Gazprom slams users who claim they can't pay as credit crisis pressures payments
Russian gas giant Gazprom has slammed countries which claim they won't be able to pay for next year's gas deliveries due to the global financial crisis.
Nations including Belarus, Serbia and Hungary, which rely heavily on Gazprom supplies, have sought IMF bailouts to cover gaps in their budget, and Ukraine is hiking consumer gas prices 35% from December to plug its debts to Gazprom.
But in an interview with Business RT at the International Gas Forum in Moscow, Deputy CEO Aleksandr Medvedev said if states can't pay, they should use less gas.
“Every commodity that's delivered should be paid, we're not a charity organization. It's a little bit of a strange statement that in advance they'll not be able to pay. Obviously it's difficult economic situations in different companies and countries. But then they should look at their consumption models, to take as much gas as they could pay.”
Also Speaking to Business RT, Joseph Stanislaw, Deloitte's Independent senior advisor on Energy & Resources, said Gazprom is right to demand payment in full for its gas supplies, but noted the problems being faced are not just limited to a few countries and reflect a worldwide shortage of credit.

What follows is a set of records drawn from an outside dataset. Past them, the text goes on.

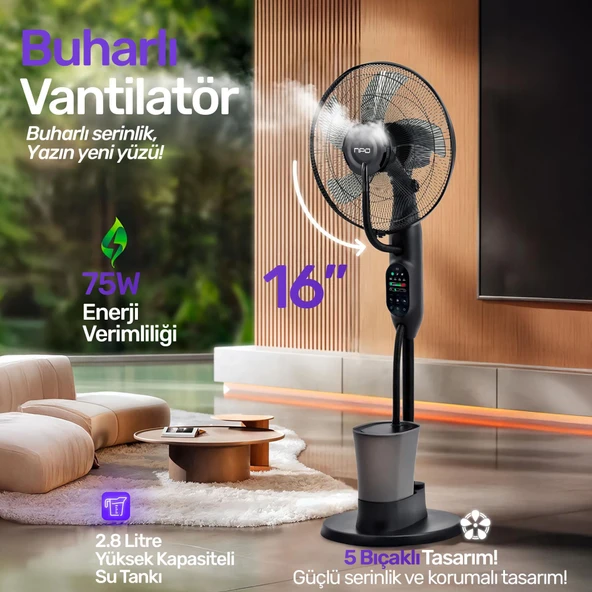 NPO N01 Buz Eklenebilir Ultrasonik Buharlı Zaman Ayarlı 3 Kademli Sessiz 75W Akıllı Vantilatör - 5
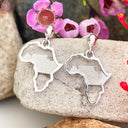 Silver Petite Matt Table Mountain In Africa Outline Earrings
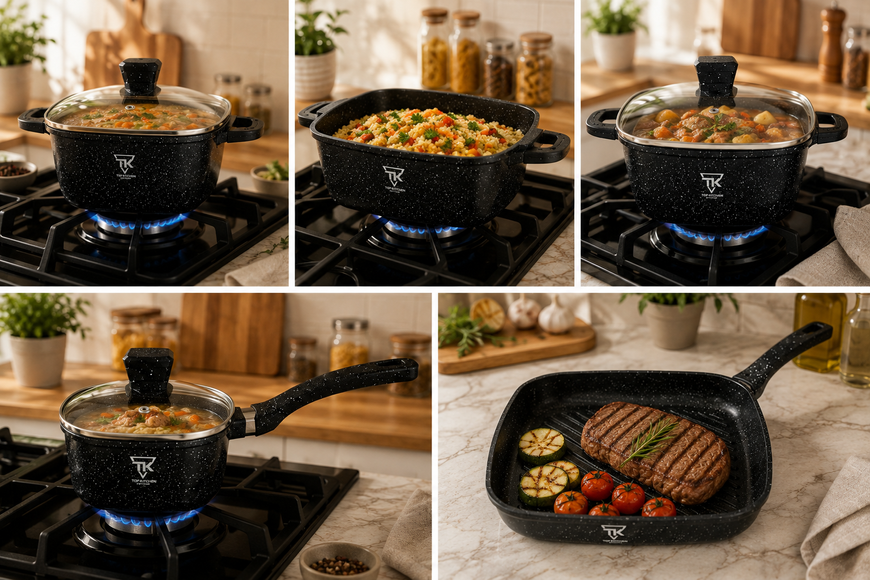 Черный набор посуды с гранитным антипригарным покрытием Top Kitchen TK-00205 10 предметов TК205 фото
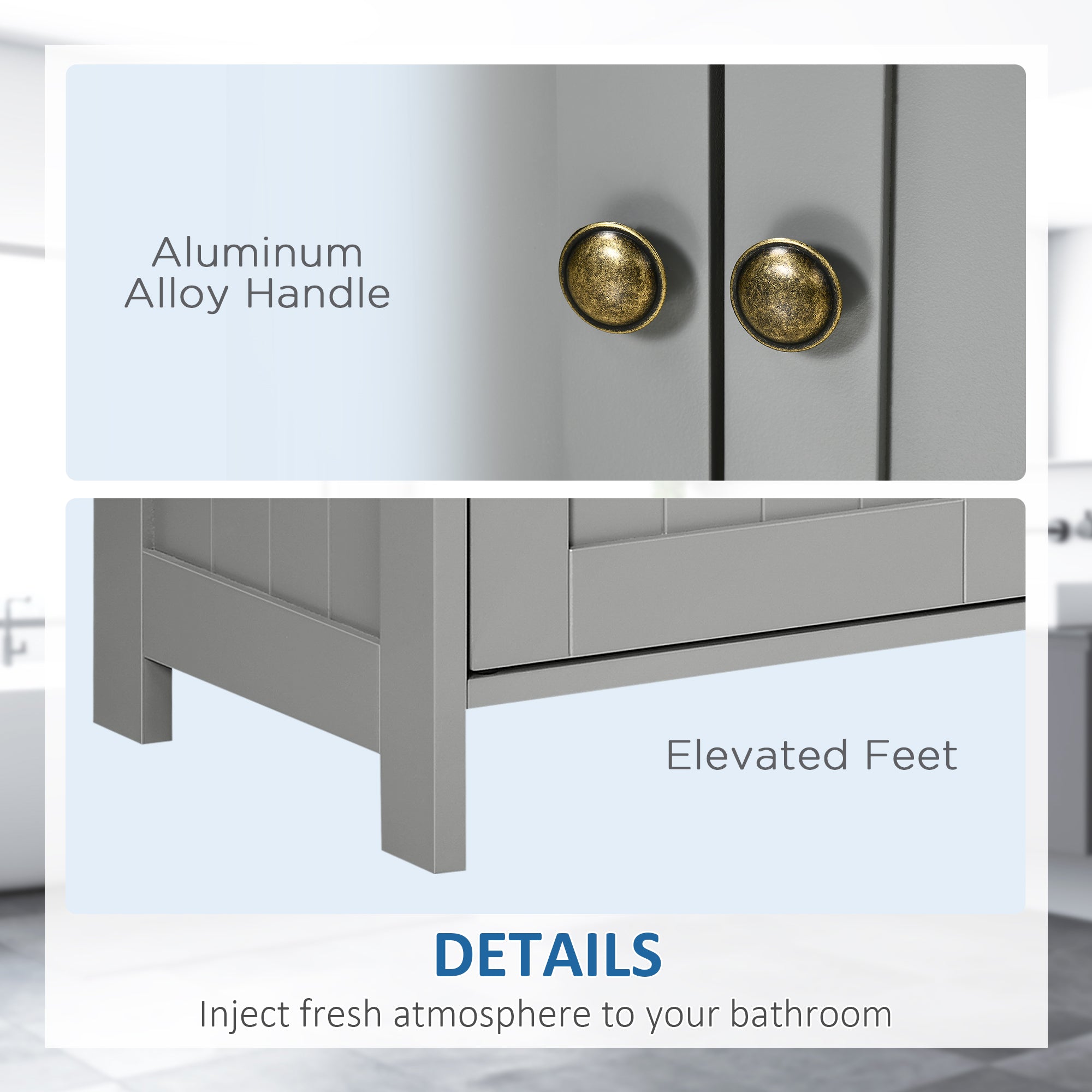 kleankin Pedestal Under Sink Cabinet with Double Doors, Modern Bathroom Vanity Storage Unit with Shelves, Light Grey - North Peak Garden Furniture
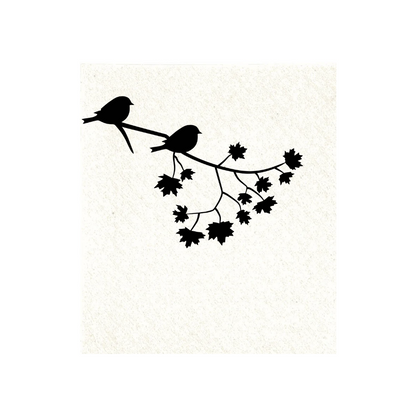 Dishcloth birds on branch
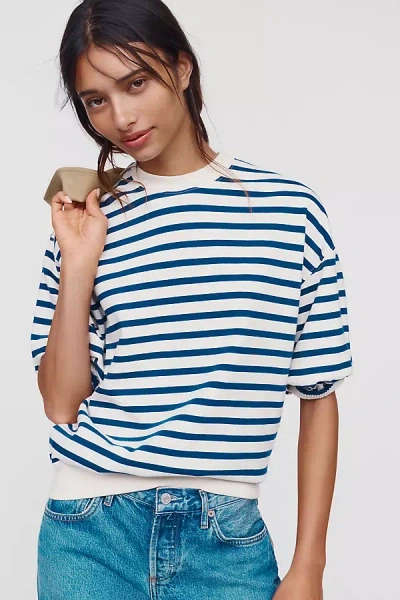 Clare V 100% Cotton Short-sleeve Sweatshirt In Blue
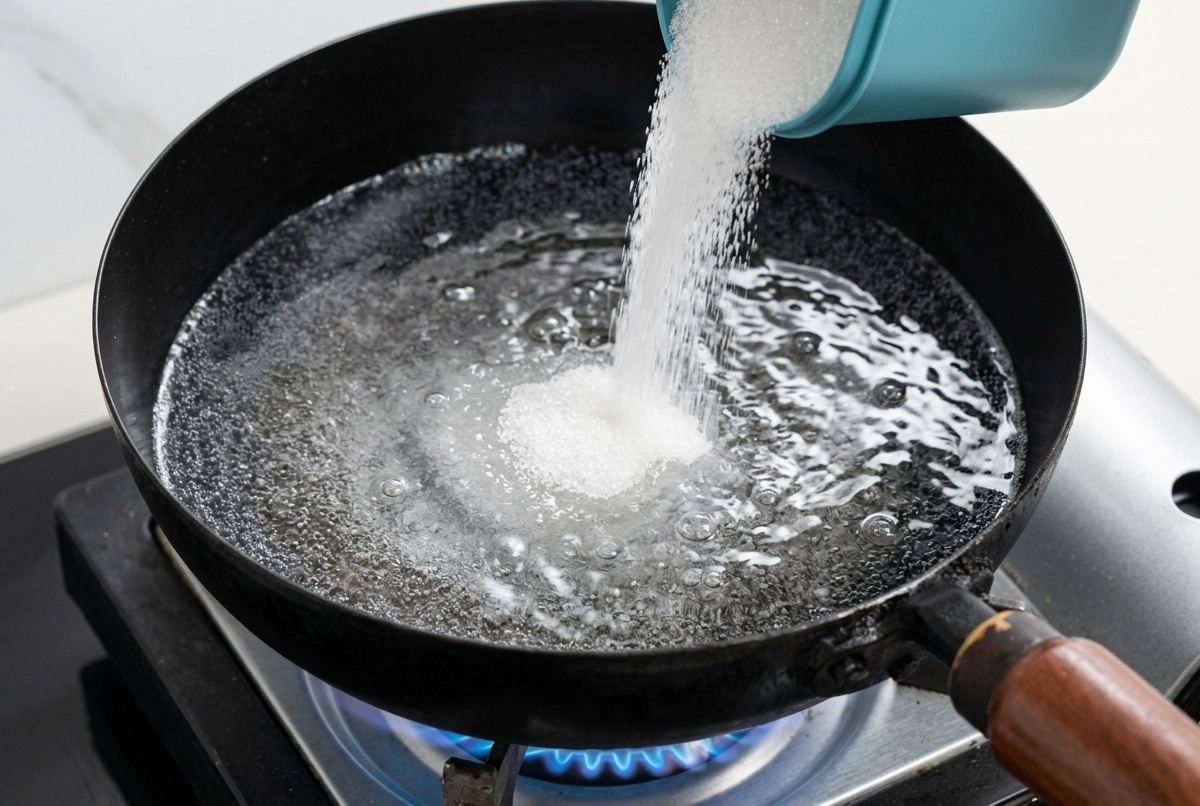 Salt being poured from a blue container into a black pan of boiling water with visible oil droplets on the surface.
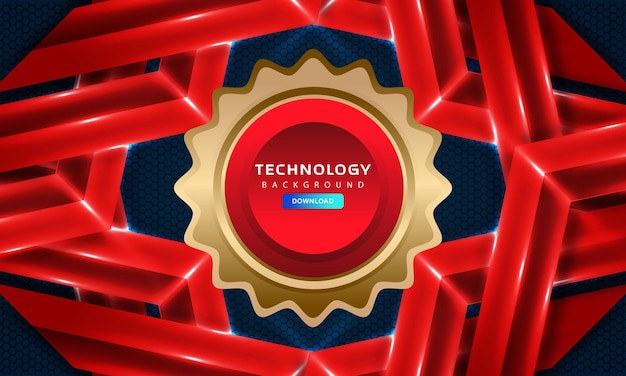 Abstract red background luxury 3D background with random shape layers and shining lines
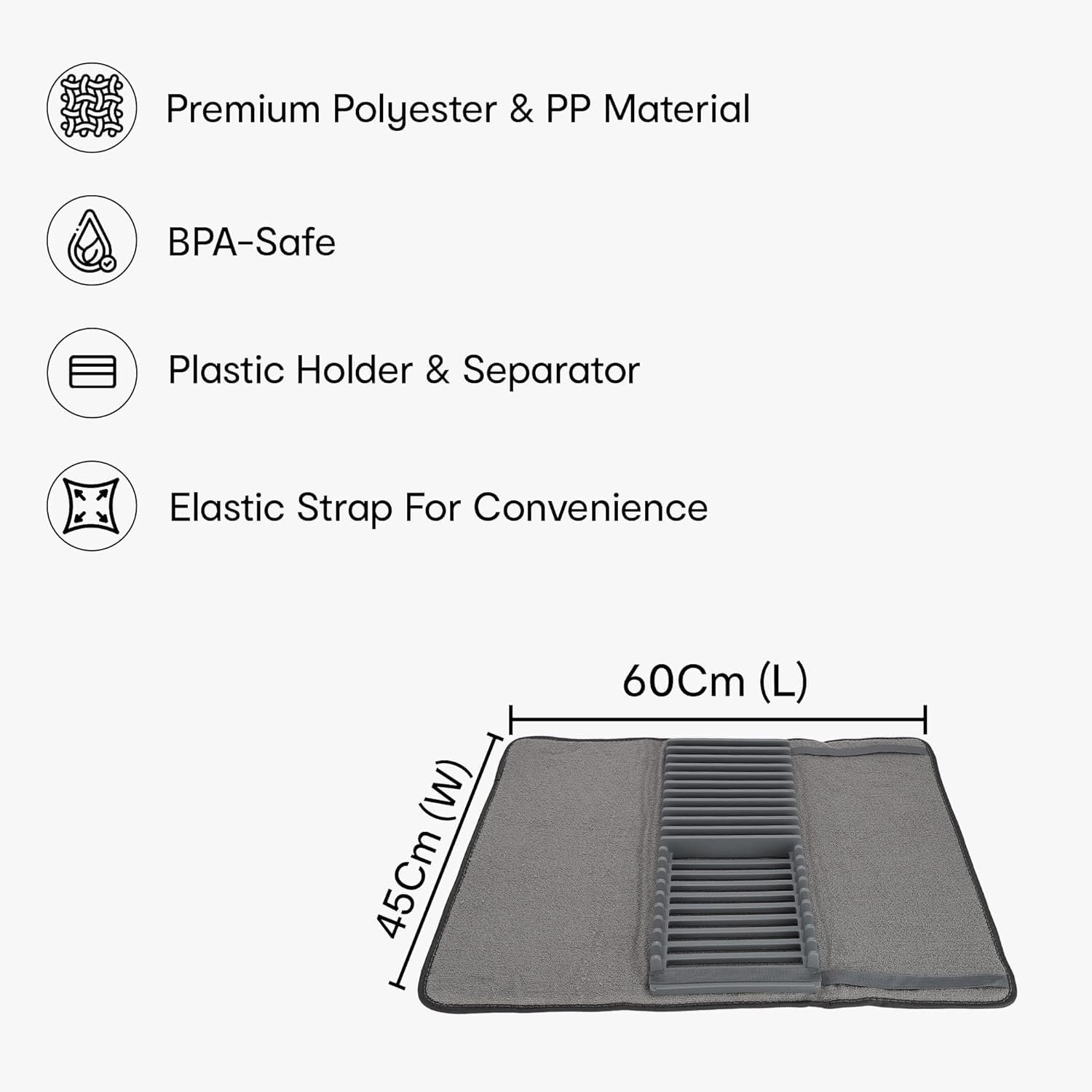 Dish Drying Mat with a Rack - Medaid International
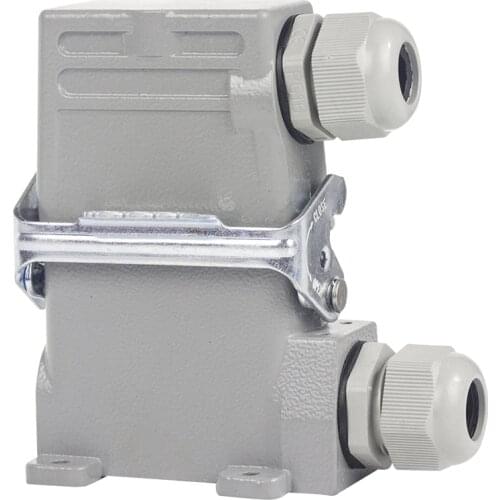 Heavy Duty Connectors HA 16 pins core heighten top side entry single buckle with plastic cable gland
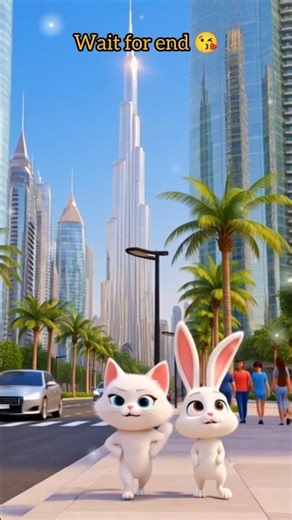 Cat vs Rabbit Climbing Burj Khalifa! 🐱🐰🏙️#BurjKhalifa #DubaiStory #moralstory #catshorts #aicat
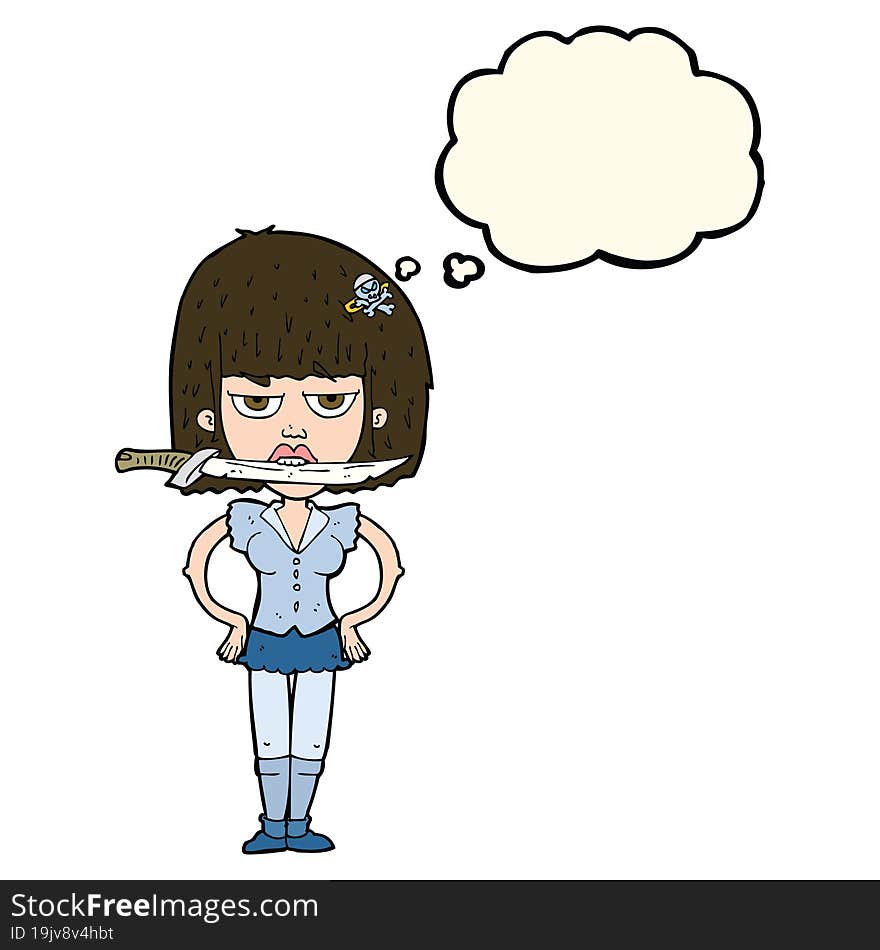 cartoon woman with knife between teeth with thought bubble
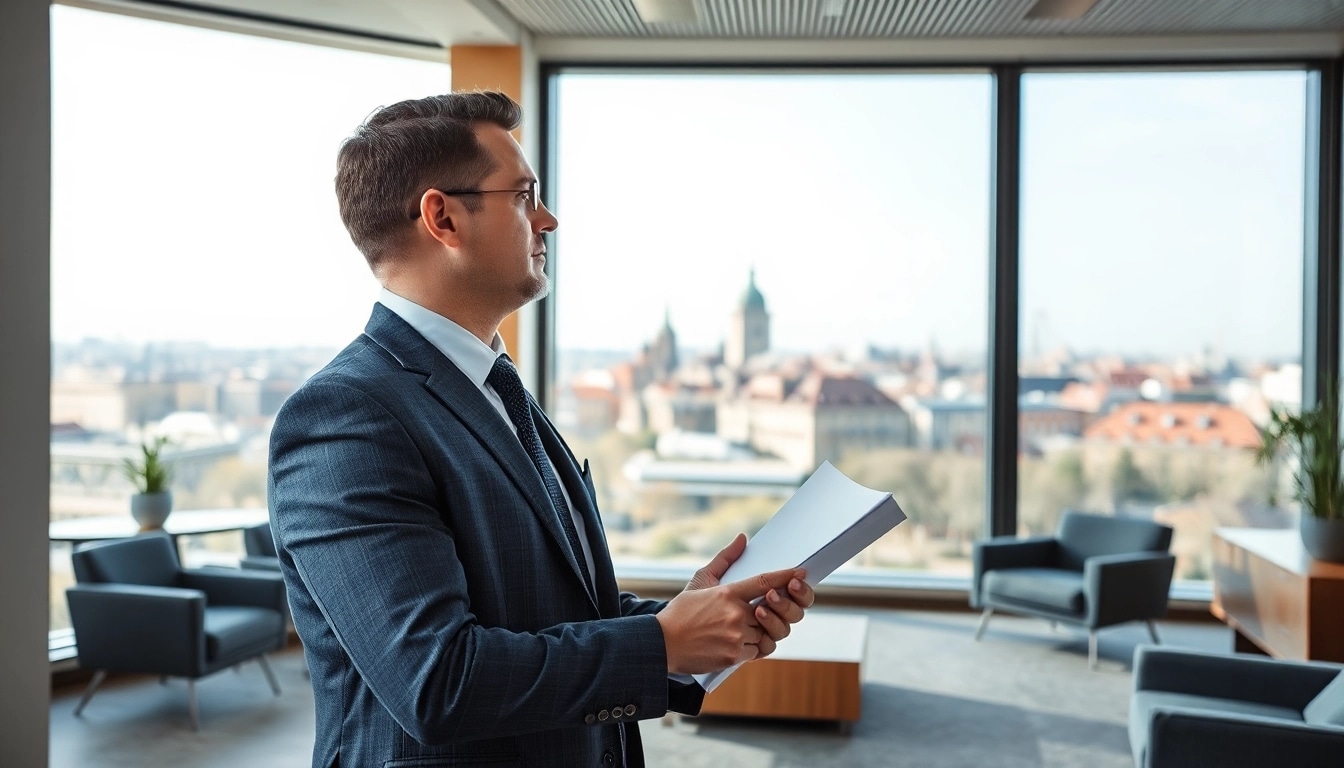Headhunter Wolfsburg in modernem Büro mit Stadtblick, selbstbewusst und professionell.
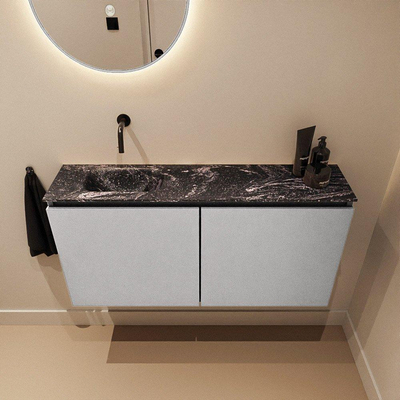 MONDIAZ TURE-DLUX Meuble toilette - 100cm - Plata - EDEN - vasque Lava - position gauche - sans trou de robinet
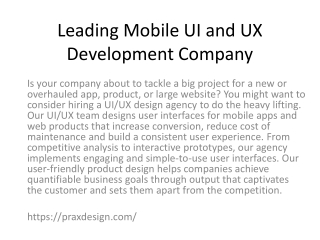 Leading Mobile UI and UX Development Company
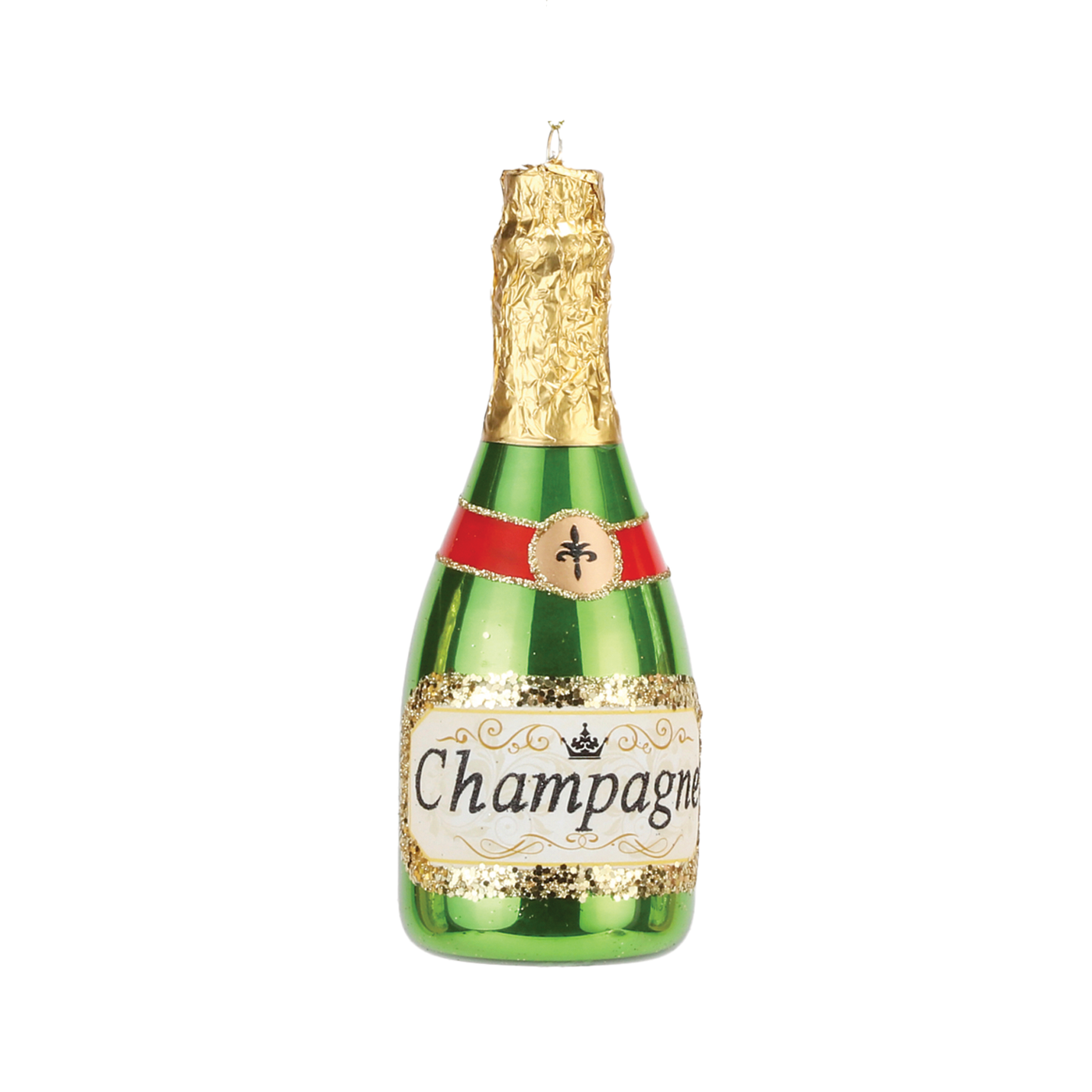 Champagne Bottle Ornament - Green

“It’s a complicated issue. He’s absolutely right. If they cant afford to pay they shouldn’t buy. And the reality is the price will be too high for them because of exchange rate changes and other things. The demand will go down – no question of that. But in the short term they cant change their behaviour very very quickly. In the very short term this crisis means people can not pay debts and have access to credit lines. Its an issue of access to credit lines more than anything else. In the United States for example, there are major power companies who cant get access to credit to continue producing electricity. That was the state of affairs for about a month in the United States. It’s complicated all over the world, its not isolated to the countries he mentioned. So it’s a matter of how do you make concessions, understanding that at the time theres a severe need, and a severe crisis. This is a serious world economic problem.”